The best known is “quantum immortality,” built on the many-worlds interpretation of quantum mechanics: at the moment of death there is always a branch in which I did not die. It is deeply controversial — we don’t know if the universe is truly infinite, whether distant copies count as me, or what to do about the shrinking “share of existence.” Worse, raw quantum immortality could mean surviving as an infinitely old, barely conscious, suffering being. But it pairs surprisingly well with cryonics, which tilts the most likely surviving branch toward a good outcome rather than a horrible one.
Other Plan D ideas include resurrection by a future superintelligent AI — perhaps reconstructing the dead from traces of the past, or via quantum randomness in a vast simulation; resurrection by an alien civilization that visits Earth long after we are gone, much as we now contemplate reviving mammoths; and the simulation hypothesis itself — if we already live inside a simulation, the machine running it can record and restore any mind. And if a soul does exist, in practice that is not so different from a superintelligence running our world; either way the observational consequences would be the same.
Which Plan Is Yours?
A map is useless if you don’t know where you are standing on it. Different people should travel through this landscape differently.
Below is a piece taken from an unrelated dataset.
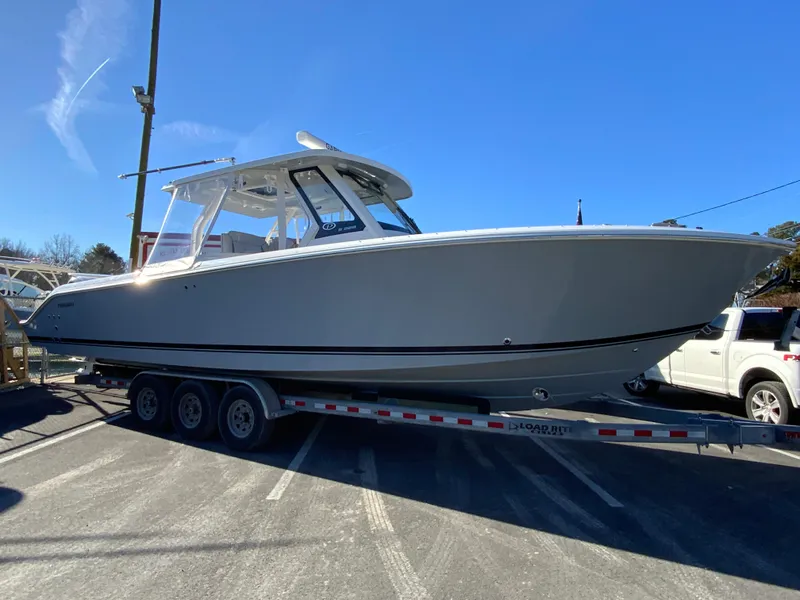 Slide: The Image of 2024 Pursuit S 328 Sport boat on a trailer under clear blue sky. - 14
The biggest factor is age. The younger you are, the better your odds of surviving until radical life extension, which makes Plan A the natural choice. Children today already have a life expectancy of around 80, so they may reach longevity escape velocity with no special measures at all, beyond avoiding risky activities and taking reasonable care of their health. For older people the calculus flips: the chance of surviving until the therapies arrive is small, so cryonics moves up the priority list, and it becomes time to write those memoirs for Plan C.
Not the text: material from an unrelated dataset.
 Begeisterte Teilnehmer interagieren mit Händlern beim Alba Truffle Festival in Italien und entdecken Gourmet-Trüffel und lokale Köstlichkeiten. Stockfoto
The second factor is money, though less than people think. Life expectancy rises only slowly with wealth — Indian miners live just a few years less than American billionaires. And despite the popular belief, life-extension therapies will not be reserved for the super-rich: to be reliable, they must be tested on thousands of people, which forces them to be relatively cheap. The rich have one real advantage — they can fund the research and buy early access — but they also face the field’s very high concentration of scammers. For an old and poor person, the most realistic plan is C: collecting data about yourself, which may need nothing more than a computer with a camera, or even just paper and a pen.
Where It All Converges
If I am eventually uploaded, I expect to live as an emulation — an “em” — inside a large ecosystem of other minds, overseen by a superintelligent AI. Such a mind could be loaded back into a robotic body to act in the real world, enjoying an effectively indestructible existence with a constantly updated backup that allows immediate resurrection if the body is destroyed.
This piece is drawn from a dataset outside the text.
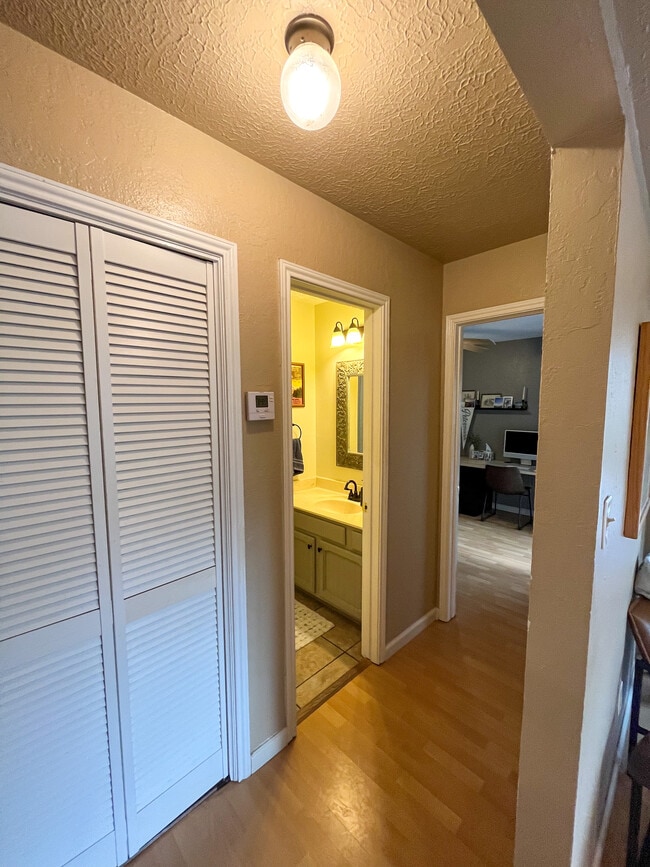Hallway view to laundry, bathroom and bedroom 2 - 421 W San Antonio St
That is the whole point of treating these as levels of a single defense rather than rival theories. No one plan is guaranteed. But by combining them in the right order — fighting aging while you can, cryonics if that fails, digital immortality beneath that, and the strange comforts of big-world immortality at the very bottom — and by preparing all of them at once, a person can give themselves the maximum chance at living, in some form, indefinitely. And none of it works alone: indefinite life extension cannot be reached without cooperation among many people. The fortress has many walls, and we have to defend every one of them — together.